The party does not care for the citizens, and will vaporise its citizens if they even show beginning signs of defiance or rebelliousness. In the text, George Orwell highlights this point vividly when he writes, “The party seeks power entirely for its own sake. We are not interested in the good of others; we are interested solely in power… power is not a means; it is an end. ” The aim of this quote is to demonstrate the corruptness of the party, so much in fact, that they care nothing for the people that they rule, the citizens.
This is a clear and definite example of the misuse of power and power as a destructive force in human society, in that the party would not hesitate to kill its citizens, if their views happened to differ from those of the party. In addition, George Orwell gives us an insight into a citizen’s disappearance; “Syme had vanished… Syme had ceased to exist: he had never existed. ” The reason why George Orwell includes this in his story is to show the control that the authoritarian government has over its citizens, in that when they vaporise someone, he suddenly just ceases to exist, he was never even alive.
The text Nineteen Eighty Four clearly shows that power is a destructive force in human society, mainly focusing on the conformation of citizens to the ideology of the totalitarian government in power. The destructive nature of power in human society can also be seen in the film Downfall directed by Oliver Hirschbiegel. This text concentrates on the last days of Hitler, and the ramifications of his actions on himself and also on the people of Germany. Hitler’s power as the ‘Fuhrer’ of Germany gives him absolute power over the people of Germany. However, as a commonly known saying goes, “absolute power corrupts absolutely.
This is shown in the film Downfall, through images of both Hitler and Germany going from strong and proud to weak and war ravaged. A technique used in this film is characterisation, namely, the characterisation of Hitler. Hitler goes from a revered and respected leader to a weak, sickness ridden, old man full of ire. With various camera angles including high angle shots and close-ups of Hitler, Hitler is shown to be corrupted by the power that was given to him. The fact that Hitler’s hand shakes (and he hides it behind his back) shows that he is a sick, old man.
In addition, his temper tantrums and the high angle shots whilst he is having them, delicately stress the effect that the power has on him. It also shows his real insignificance and the fact that he raving and ranting because he isn’t getting his own way. A line in the movie spoken by Hitler reads, “The strongest can only be victorious by eradicating the weak”. The effect of this quote is to underline the corruptive nature that power can have on the owner of that power and that Hitler as an example of a corrupted leader, is so corrupt, that he in fact is weak but does not recognise it.
The results of his actions were also destructive to Germany. Berlin especially went from a normal, well functioning city to a war torn and fire ridden mass of rubble. Hitler’s misuse of power not only corrupted him, but affected Germany as well. Likewise, Oliver Hirschbiegel has used several other techniques to convey the general mood or tone of the film. These include dark coloured costuming, dark and gloomy lighting, and sad non-diagetic music.

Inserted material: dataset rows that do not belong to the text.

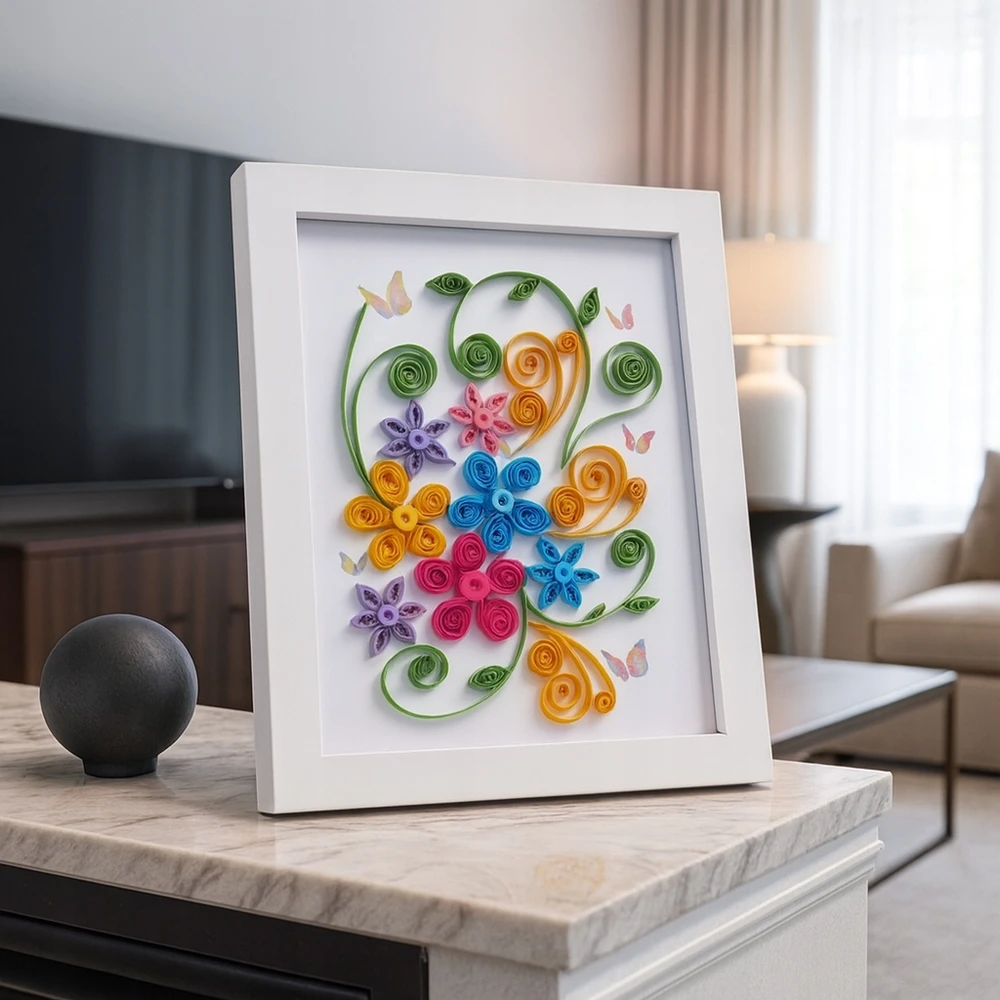 Habarri QUILLING Laukinė puokštė - Popierinės juostelės Paveikslų rėmeliai Creative DIY rinkinys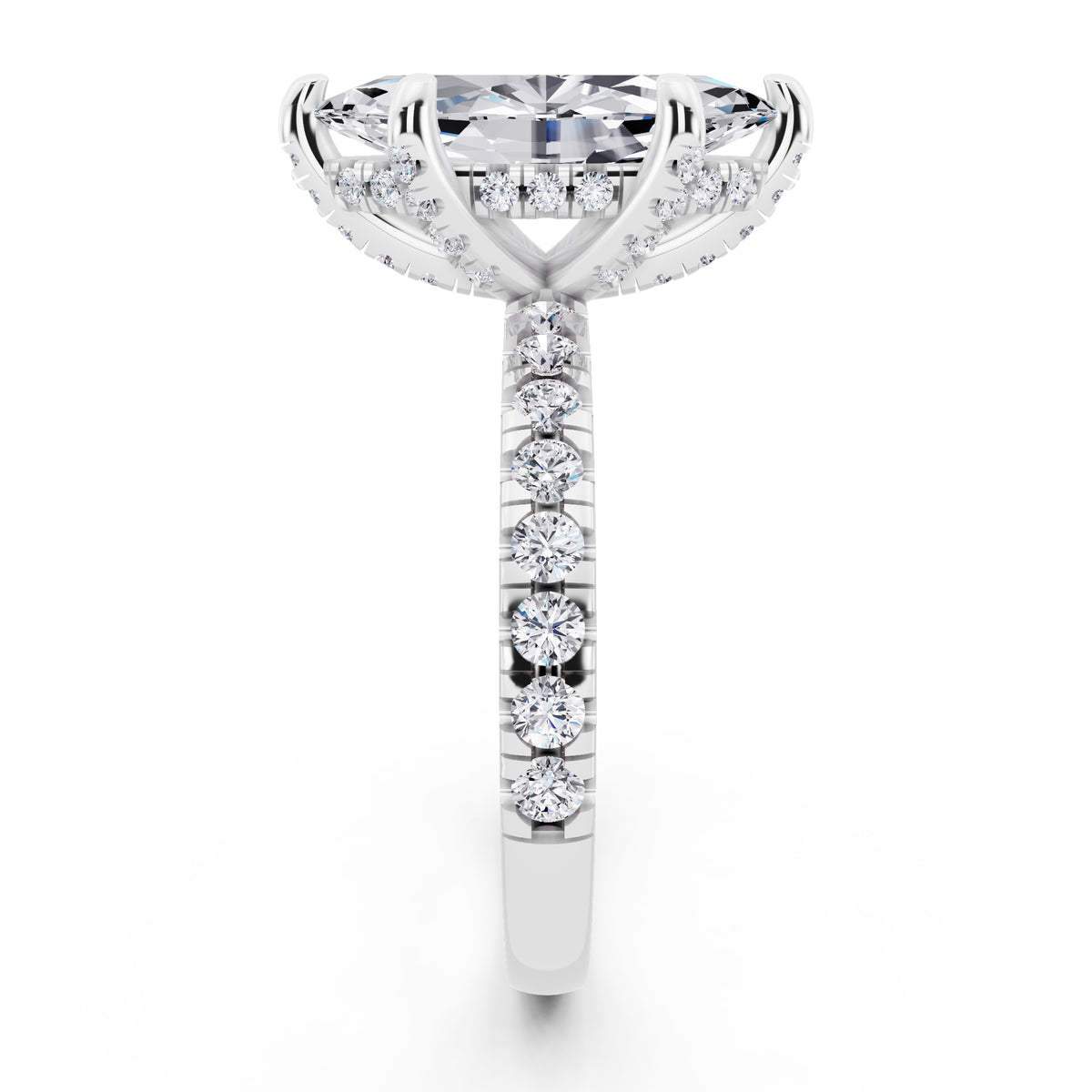 18 KT White Gold Marquise Cut Diamond Hidden Halo Ring with Pave Shank - side view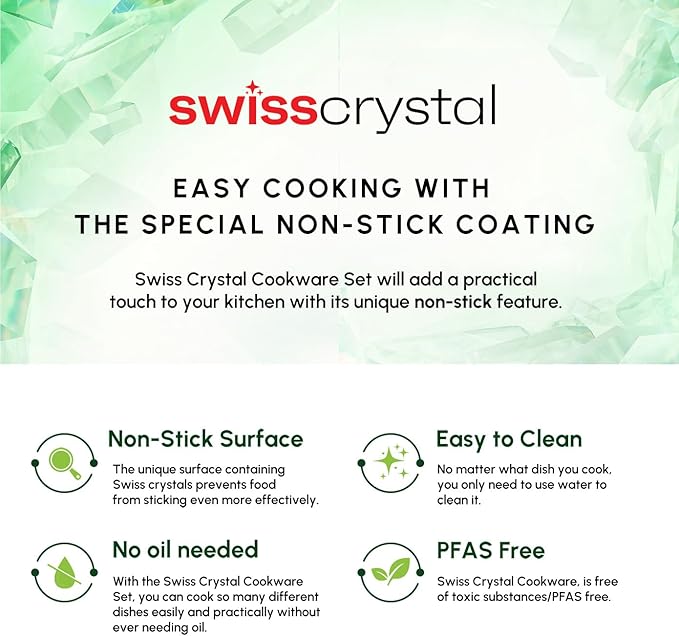 Karaca Swiss Crystal Almond 7-Piece Induction Non-Stick Cookware Set ??Cream, PFAS-Free SwissCrystal Coating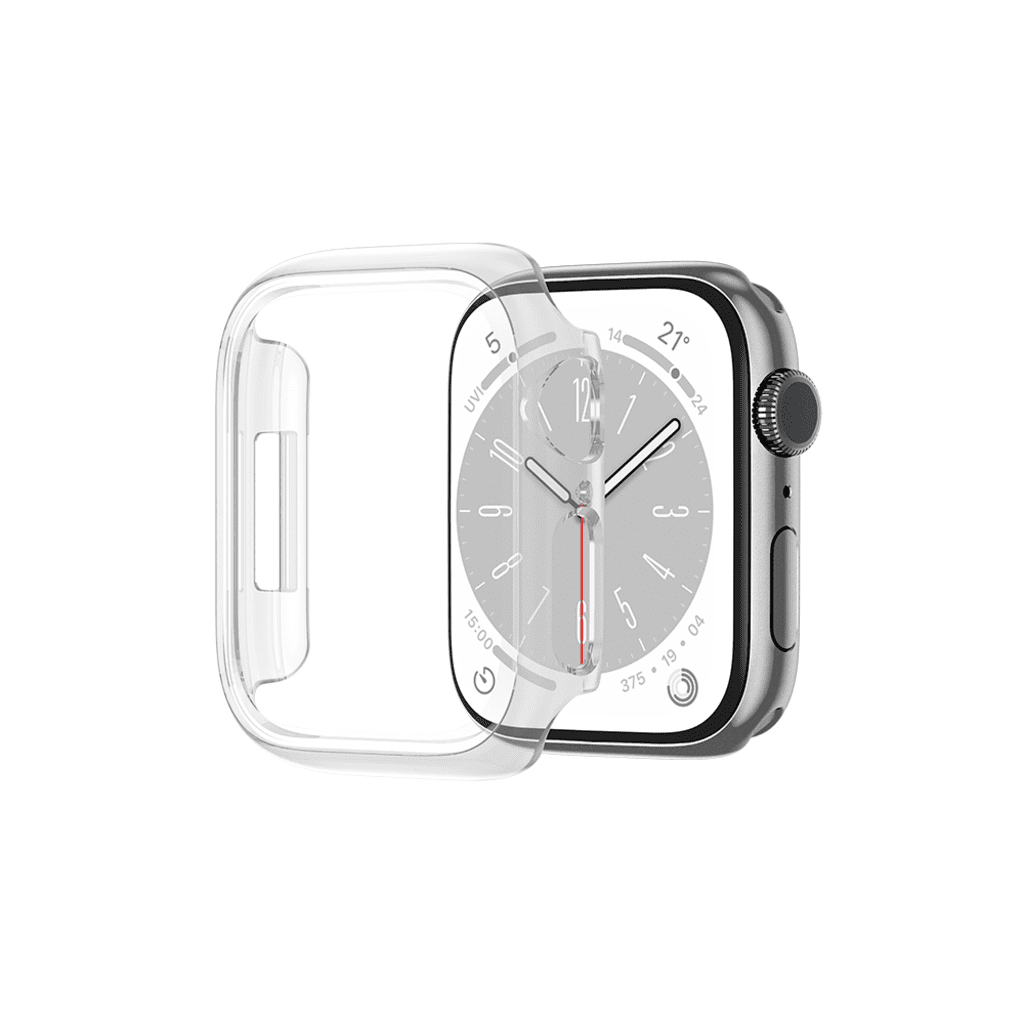 Smartwatch with a clear protective case on a white background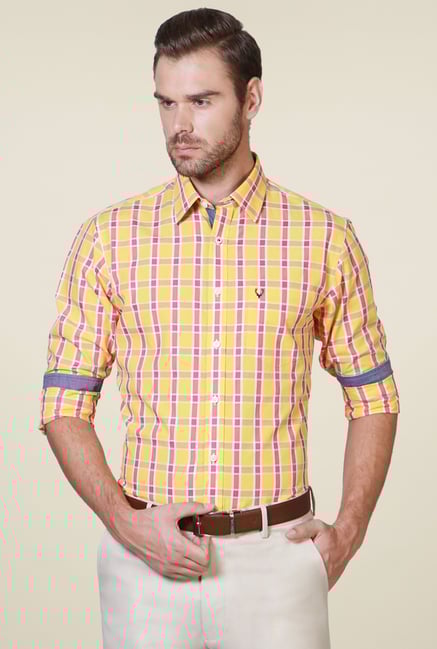 Allen Solly Yellow Checks Shirt Allen Solly Yellow Checks Shirt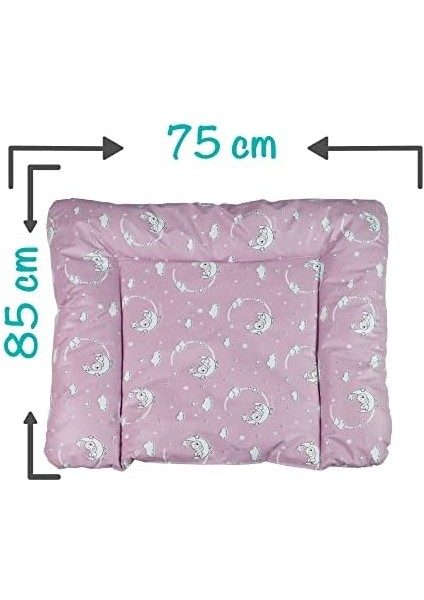Baby&apos;ness Elyaf Dolgulu Pvc Alt Değiştirme Minderi, Sıvı Geçirmez, Leke Tutmaz, Aydede Desenli, Pembe, 75X85CM modelleri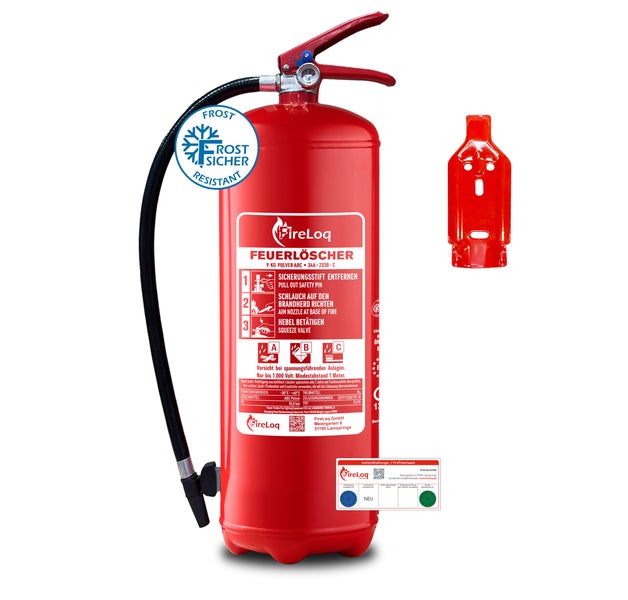 Feuerloescher FireLoq 9 Kilogramm Pulver ABC mit Schlauch und Wandhalterung frostsicher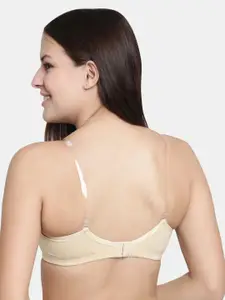 Floret Beige Pack Of 2 Solid Non-Wired Lightly Padded T-shirt Bra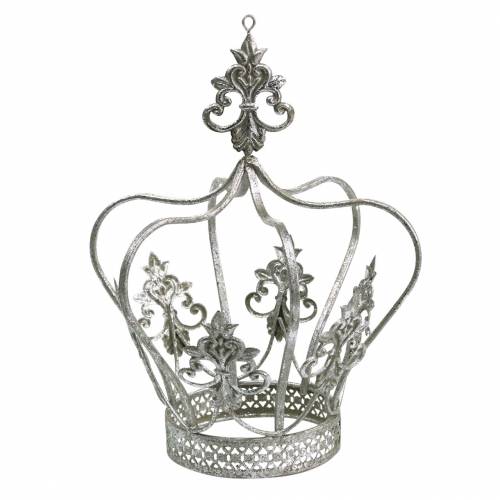 Floristik24 Dekorativ krona silvermetall Ø17,3cm H22,5cm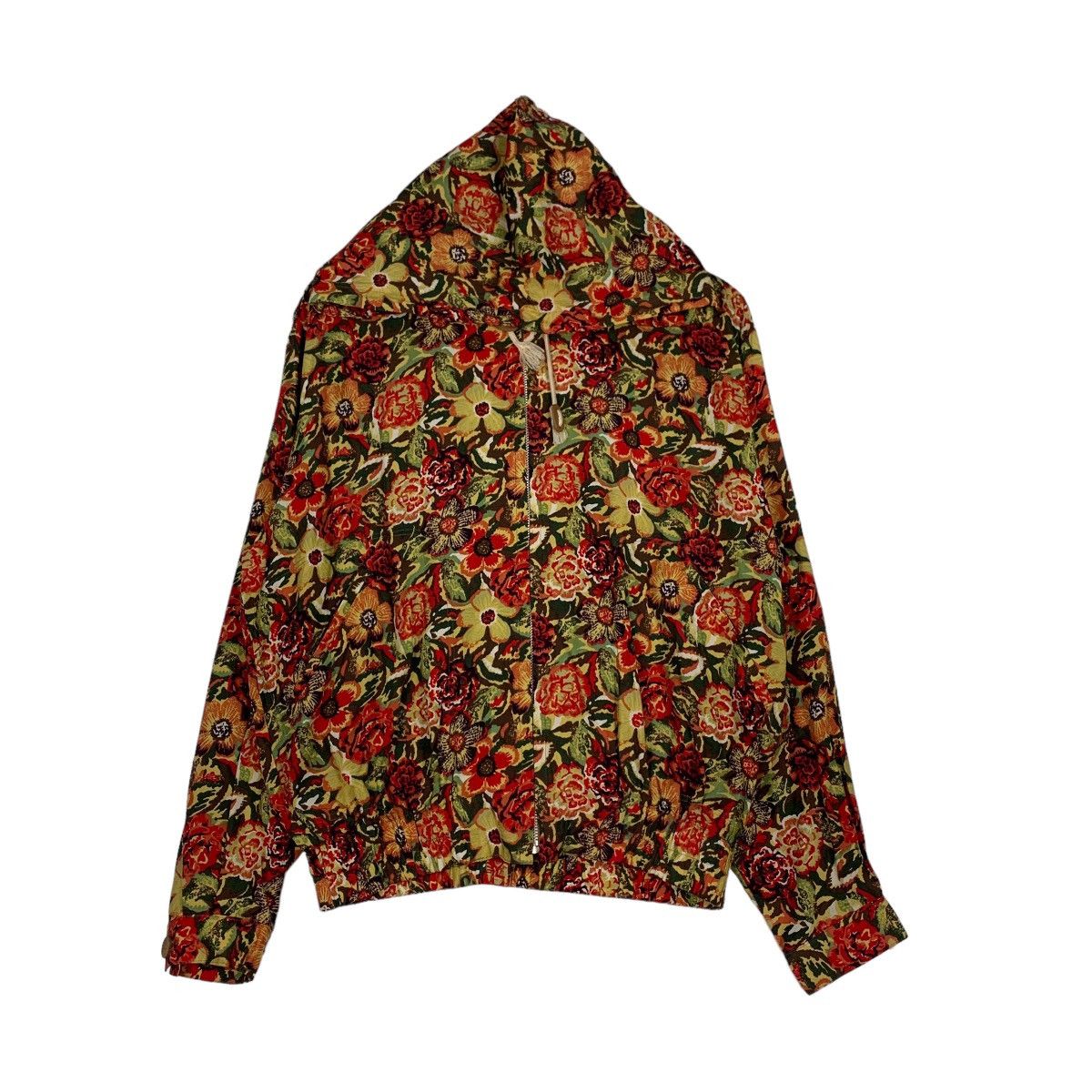 Japanese Brand HI-TECH Florals Design Zipper Hoodie Jacket #0877-C39 Size M / US 6-8 / IT 42-44 - 2 Thumbnail
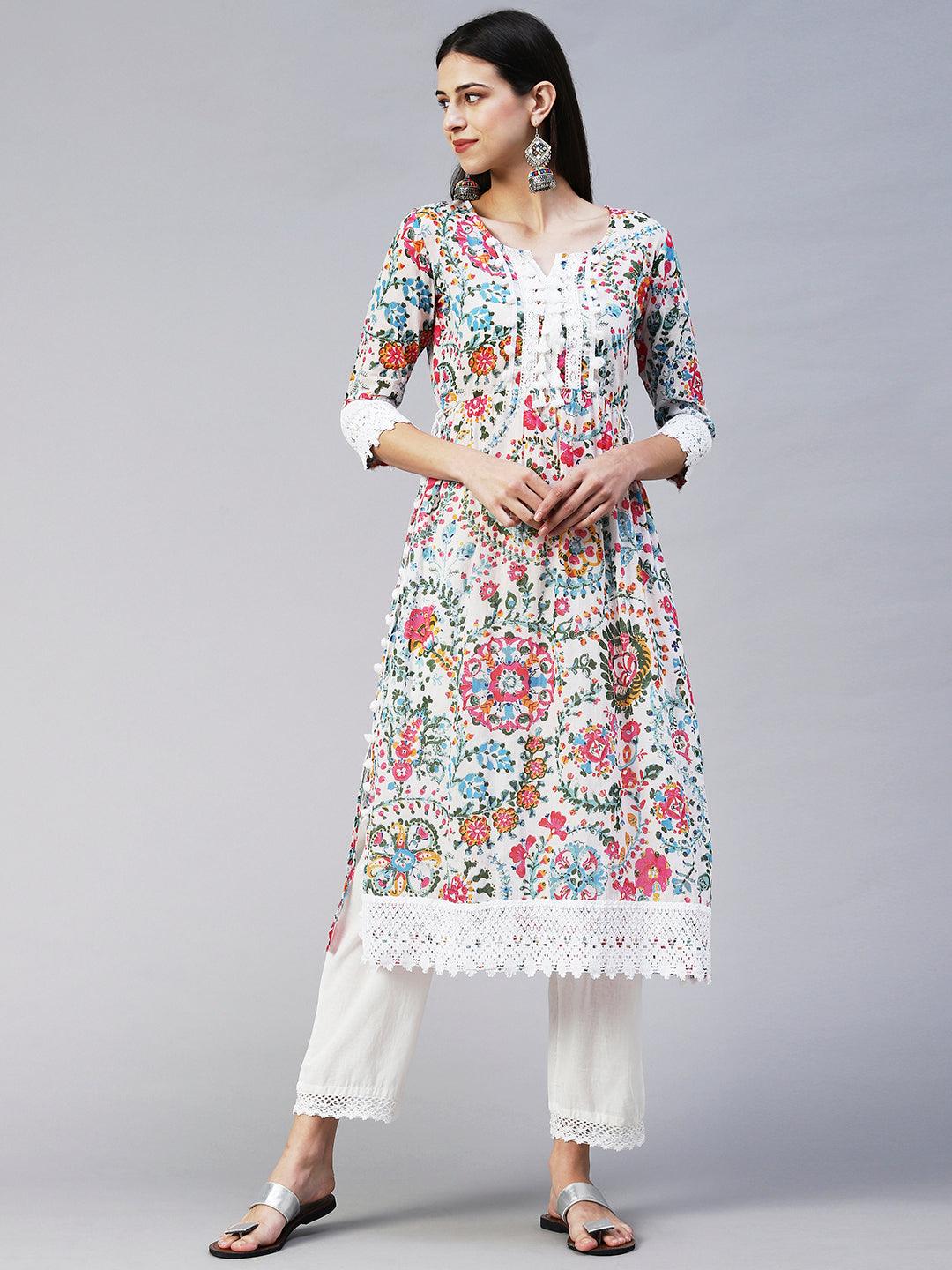 Ethnic Floral Printed A-Line Kurta with Pant - Multi - Indiakreations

All of these are used to create a sombre and melancholy mood, heightening the sadness and seriousness of Hitler’s actions in the film. Through Downfall, one may see that power is a destructive force in human society. In conclusion, one may clearly see that although power can be instrumental in shaping the world into what it is today, power can also be seen as a destructive force in human society, through both authoritarian power and the corruptive nature of power, as seen in the two texts, Nineteen Eighty Four by George Orwell and Downfall by Oliver Hirschbiegel.